Pro-independence parties have declared victory in Catalonia's regional elections, while the unionist Ciudadanos has become the largest single party in parliament.

With almost all of the votes counted, the three leading separatist parties celebrated gaining a majority in parliament.

"Article 155 is dead," said deposed Catalan leader Carles Puigdemont's Junts per Catalunya party.

Speaking from Brussels, Puidgemont - who referred to himself as the president of Catalonia - declared that the Catalan Republic has "beaten the monarchy."

He also warned that Europe should "take note" of the result, and that "any solution not taking the people into account won't work."

Elecciones en Cataluña

The separatist politician, who is living in self-imposed exile in Belgium, said he will hold a press conference on Friday (December 22) about the results.

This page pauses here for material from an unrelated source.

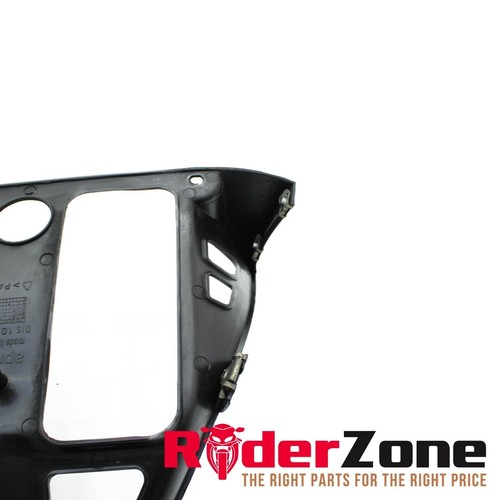 2004 - 2008 APRILIA RSV1000R INNER FAIRING V FRONT LOWER BLACK DIS.106412 - Picture 13 of 14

Marta Rovira of Esquerra Republicana de Catalunya (the Republican Left of Catalonia), said the "citizens have voted so the government in exile is able to come back."

But the pro-independence parties weren't the only ones celebrating.

Unionist Ciudadanos celebrated its victory as the largest single party in the parliament.

"It is the first time we've ever won - 1.1 million Catalans have voted for us," the party's leader, Ines Arrimadas, told a jubilant crowd.

"The majority of people in Catalonia feel Catalan, Spanish and European," she added.

In less celebratory scenes, Partit Popular leader Xaview Garcia Albiol said Catalonia "is going to lose because of this result."

The results came after a closely-watched regional election that pitted pro-independence parties against those who want Catalonia to remain a semi-autonomous region of Spain.

The vote was called by Spanish Prime Minister Mariano Rajoy in late October, when Spain's central government took control of Catalonia and sacked its government.

The move followed an independence referendum, which was deemed illegal by Madrid, and a subsequent unilateral declaration of independence.

Turnout for the vote reached a record 81 percent, marking a major increase from the 74 percent recorded in the 2015 election.